Dark Pools - End of Trading As We Know It?

Discussion in 'Trading' started by ShoeshineBoy, Jul 29, 2008.

  1. The last ten years have been great for trading in many ways. Places like IB have opened the doors for the small guy to get instant and powerful access to the exchanges. The barriers to entry fell like the Berlin Wall and we all thought we were in trading Nirvana.

    Well, the pendulum appears to be swinging back quickly. The big boys no longer want open markets apparently. There have been several threads on et discussing Dark Pools. But there are estimates that up to 50% of the market trades may be completely hidden from the public and executed through these dark pools in just a few years.

    This link


    discusses how rapidly these dark pools are growing

    "This is something the stock exchanges don’t want to see because it strips them of order execution revenue. Which is why they’re getting into the game, too. At the present time, the Nasdaq (NDAQ) alone shunts some 18% of its volume - or roughly 350 million shares a day - through what insiders euphemistically refer to as its "non-displayed platforms," and also has struck a deal with five unnamed Dark Pool operators that are rumored to route nearly half of the total Dark-Pool volume in the United States today.

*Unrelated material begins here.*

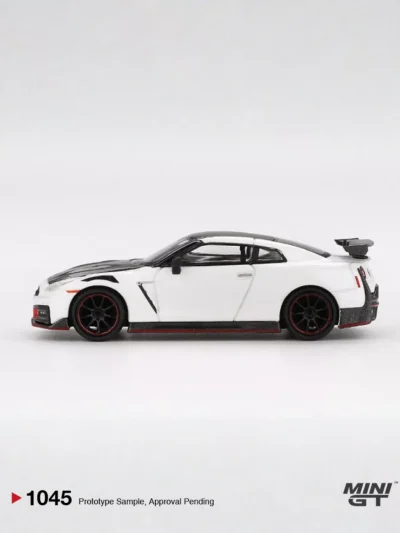 Nissan GT-R Nismo 2024 Brilliant White Pearl-04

    NYSE Euronext (NYX) plans to connect up to 30 such pools, so don’t think for a New York minute that this isn’t a global phenomenon - Dark Pools exist all around the globe.

    We’re still in the early days of this movement. That means there are still lots of things to be worked out from a technical standpoint. For instance, there’s very little in the way of proprietary software that enables any Dark Pool operators to "talk" with their competition.

    But we think that’s going to change in a real hurry in the next few years, when as much as 50% of all U.S. trading volume will be handled by "Dark Pool Alliances.""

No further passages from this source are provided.